Figure 1. The system diagram for appearance-based hand posture recognition system

The hand is modeled as a 3D articulated object with 21 DOF of the joint angles (hand configuration) and 6 DOF of global rotation and translations. A hand pose is defined by a hand configuration augmented by the 3 DOF global rotation parameters. The main problem of analysis by synthesis is the complexity in such a high dimension space. The size of the synthesis database grows exponentially with respect to the parameter's accuracy. Even though the articulation of the hand is highly constrained, the complexity is still intractable for both database processing and image retrieval. 

We formulate hand pose reconstruction as a nonlinear mapping problem between the angle vectors (hand configurations) and the images. Generally, such mapping is a many-to-many mapping in high dimension space. Due to occlusions, different hand poses could be rendered to the same images. On the other hand, the same pose is rendered from the different view points and generates many images. To simplify the problem, we eliminate the second case by augmenting the hand configuration vector with the 3 global rotation parameters. The mapping from the images to the augmented hand configurations becomes a one-to-many mapping problem between the image space and the augmented hand configuration space (the hand pose space). We establish the one-to-many mapping between the feature space and the hand pose space with the proposed ISOSOM algorithm. The experimental results shows that our algorithm is better than traditional image retrieval algorithms.

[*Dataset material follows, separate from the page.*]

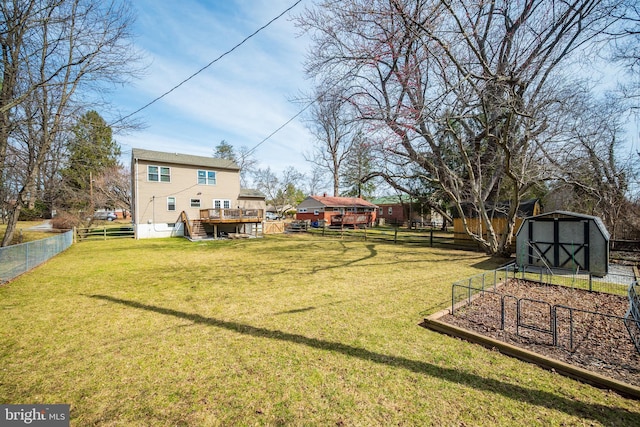 view of yard with a fenced backyard, a storage shed, an outdoor structure, a garden, and a wooden deck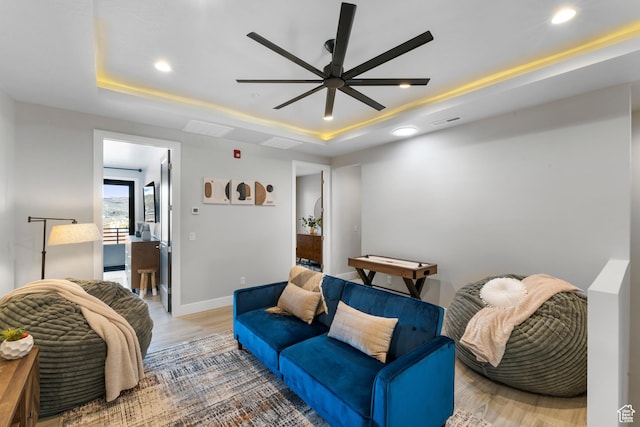 5266 W 2480 S Unit 132, Hurricane, UT 84737 - living area featuring a raised ceiling, ceiling fan, recessed lighting, wood finished floors, and baseboards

Instead of representing each synthesis image by an isolated item in the database, We cluster the similar vectors generated by similar poses together and use the ground-truth samples to generate an organized structure in low dimension space. With such structure, we can interpolate the intermediate vector. This will greatly reduce the complexity. Based on Kohonen's Self-Organizing Map (SOM) and Tenenbaum's ISOMAP algorithm, we propose an ISOmetric Self-Organizing Mapping algorithm (ISOSOM). Instead of organizing the samples in the 2D grids by Euclidian distance, it utilizes the topological graph and geometric distance of the samples' manifold to define the metric relationships between samples and enable the SOM to follow better the topology of the underlying data set. The ISOSOM algorithm compresses information and automatically clusters the training samples in a low dimension space efficiently. Figure 1 gives an intuitive depiction of the ISOSOM map.

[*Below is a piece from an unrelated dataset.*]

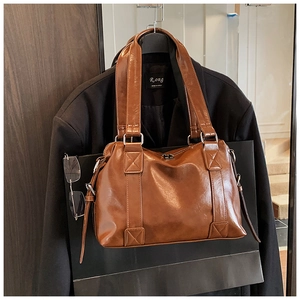 Detail of a brown polished leather tote bag showing the texture and metal hardware buckle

Figure 2. The ISOSOM for Hand Posture Estimation

1.4 Experimental Results

The retrieval results of ISOSOM are shown in Figure 3, where the first image is the query image. The second image is the pseudo ground truth. The rest 20 images are the retrieval results from the ISOSOM neurons.

Figure 3. The ISOSOM Hand Posture Retrieval Results

We compare the performances of the hand pose estimation by the traditional image
retrieval algorithm (IR), SOM and ISOSOM in Table 1. The IR is implemented by simply comparing the query image with each image in the synthesis dataset and retrieve the top N best match. The result shows that the correct match rate of the ISOSOM increases around 16:5% compared to IR, and increases around 5:6% compared to SOM. N is decided by the application requirements. In order to achieve more than 85% successful rate, IR requires retrieving more than 280 images which provide more than 280 hand pose possibilities. ISOSOM just requires less than half of that, and also has a higher precision rate. The retrieval rate curve is shown in Figure 4.

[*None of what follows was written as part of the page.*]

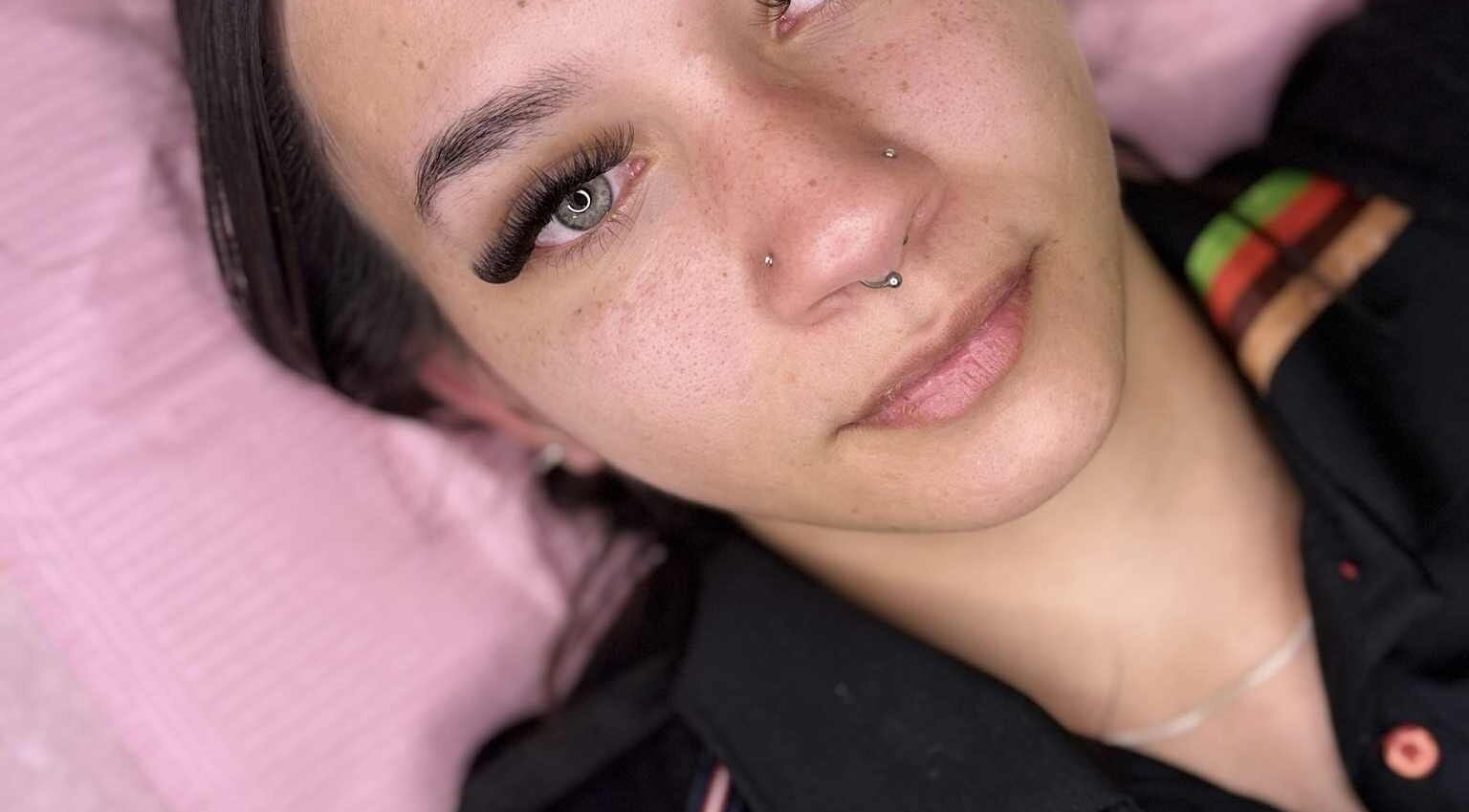 Client with enhanced eyelashes at M&M BEAUTY, Kelso, Queensland, AU, showcasing expert beauty services.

Figure 4. The retrieval rate curve


Haiying Guan, Feris S. Rogerio and Matthew Turk, "The Isometric Self-Organizing Map for 3D Hand Pose Estimation," accepted by Proc. 7th International Conference Automatic Face and Gesture Recognition, Southampton, UK, Apr. 10-12 2006.

Haiying Guan and Matthew Turk, "3D hand pose reconstruction with ISOSOM," Proc.
First International Symposium on Advances in Visual Computing, pages: 630 - 635. Lake Tahoe, NV, USA, Dec. 5-7, 2005.

Haiying Guan and Matthew Turk, "3D Hand Pose Reconstruction with ISOSOM", Technical Reports 2005-15, Department of Computer Science, University of California, Santa Barbara.